Die Identität eines Menschen wird als die Summe seiner
Eigenschaften, Erfahrungen, Erinnerungen und Ideen angesehen. Jeder Mensch hat
eine einzigartige Identität, die er durch seine Entwicklung gewonnen hat, und
die sich in seiner Zukunft fortsetzt. Wesentlich für seine Identität sind die Erbanlagen,
die zutiefst in Wechselwirkung mit
seinen Umwelteinflüssen stehen, aber auch der Zufall spielt eine wichtige
Rolle. Dazu kommt seine Reflexionsfähigkeit, die in Abhängigkeit von
kulturellen, sozialen und persönlichen Gegebenheiten eine aktive Auseinandersetzung
mit seiner Identität ermöglicht. Erweitert wird dieses Wechselspiel durch
mentale Abläufe, die von Illusionen, Kreativität bis zu tiefgehenden
Erkenntnissen über seine Welt reichen. Somit ist seine Identität nichts
Statisches, sondern unterliegt einer Dynamik mit sehr vielen Faktoren.
Ein wesentliches Merkmal einer Person ist sein verkörpertes
Subjekt, seine notwendige Einheit aus subjektiver Selbsterfahrung und
systemischer Biologie. Bewusstes Erleben ist ein dynamischer Prozess der
Interaktion von Gehirn, Körper und Umwelt.
Besondere Fallstudien von adoptierten Kindern, die aus
fremden Kulturen stammen, von getrennt
aufgewachsenen eineiigen Zwillingen, von wild aufgewachsenen oder sozial
isolierten Kindern, oder von Kindern mit starken körperlichen
Beeinträchtigungen, wie z.B. frühkindliche Taubblindheit, die aber
bestmögliche Unterstützung erhalten,
zeigen, wie unterschiedlich sich die Persönlichkeit eines Menschen bei
unterschiedlichen Rahmenbedingungen entwickeln kann.

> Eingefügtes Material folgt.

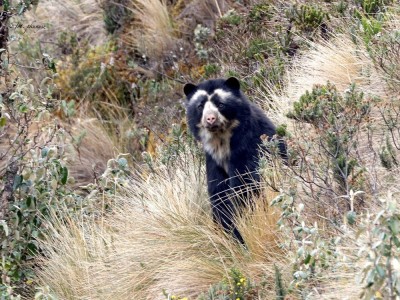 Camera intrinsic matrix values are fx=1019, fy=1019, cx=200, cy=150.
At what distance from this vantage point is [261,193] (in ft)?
23.3

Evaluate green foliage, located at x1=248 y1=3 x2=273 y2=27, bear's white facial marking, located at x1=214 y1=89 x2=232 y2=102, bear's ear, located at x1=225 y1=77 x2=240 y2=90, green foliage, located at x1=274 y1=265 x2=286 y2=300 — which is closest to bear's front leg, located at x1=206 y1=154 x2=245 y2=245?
bear's white facial marking, located at x1=214 y1=89 x2=232 y2=102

Die gleichen Fallbeispiele können aber auch zu der Idee
inspirieren, dass sich ein Mensch mit jemanden anderen verbunden fühlen kann,
wenn er nur mit den Lebensumständen des Anderen vollständig vertraut wäre.

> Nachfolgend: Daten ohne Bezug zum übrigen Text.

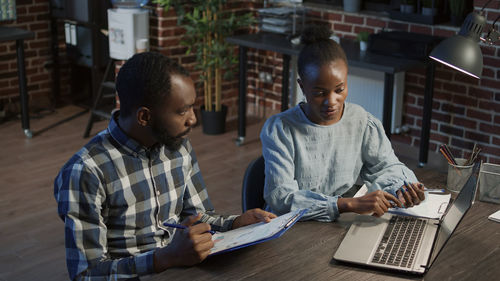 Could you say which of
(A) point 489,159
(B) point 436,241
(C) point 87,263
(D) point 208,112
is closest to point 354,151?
(B) point 436,241

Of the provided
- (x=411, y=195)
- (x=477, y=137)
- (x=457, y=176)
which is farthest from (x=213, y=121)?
(x=411, y=195)

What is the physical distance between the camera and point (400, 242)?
183cm

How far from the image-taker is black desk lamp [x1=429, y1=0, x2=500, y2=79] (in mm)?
1977

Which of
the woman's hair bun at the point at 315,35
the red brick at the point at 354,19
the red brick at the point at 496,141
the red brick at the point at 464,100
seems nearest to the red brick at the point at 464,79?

Getrennt aufgewachsenen eineiigen Zwillingen fühlen sich ohne weiteres Zutun
miteinander verbunden: Der Eine könnte genauso gut der Andere sein.

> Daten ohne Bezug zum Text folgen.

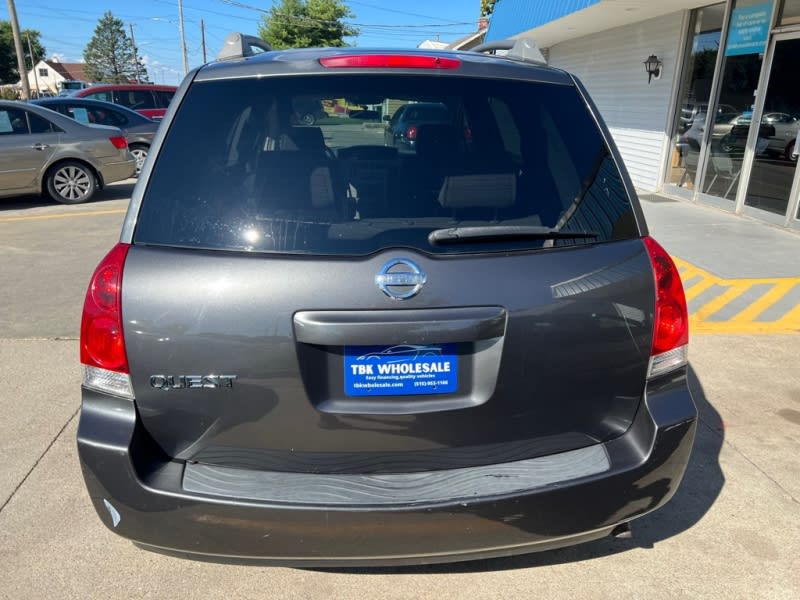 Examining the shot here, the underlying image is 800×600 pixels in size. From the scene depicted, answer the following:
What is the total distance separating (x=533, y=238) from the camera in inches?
77.5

Gedankenexperimente können diese Idee der Verbundenheit
unterstützen: Angenommen, jemand wäre
einige Jahrhunderte früher geboren, welch einen enorm anderen Weg hätte dann die
Entwicklung seiner Persönlichkeit genommen? Oder jemand hätte durch einen
Unfall das Gedächtnis verloren, und wüsste zwar, dass er vor dem Unfall gelebt
haben muss, hätte aber kein Wissen mehr davon. Wäre dieser Unfall im Ausland passiert, und gäbe es für ihn keine
Identitätshinweise, so könnte er keinen Bezug zum Vorleben herstellen. Weiters
stützt diese Idee die Tatsache, dass nicht bestimmte Materie unseren Körper und
damit auch unser Bewusstsein ausmacht, sondern nur bestimmt strukturierte
Materie, da viele unserer Körperzellen ständig ausgetauscht werden. Derart
strukturierte Materie könnte sich irgendwo oder irgendwann im Universum
identisch wiederfinden. In einer bestimmten Weise, also nicht in unserem
Verständnis als der gleiche lebende Organismus, aber mental wäre dann dieses "Du" auch "Ich" selbst. Und weil sich
die persönliche Identität ständig ändert, ist auch für ein sich Wiederfinden in
einer fremden Identität kein identisches Doppel erforderlich.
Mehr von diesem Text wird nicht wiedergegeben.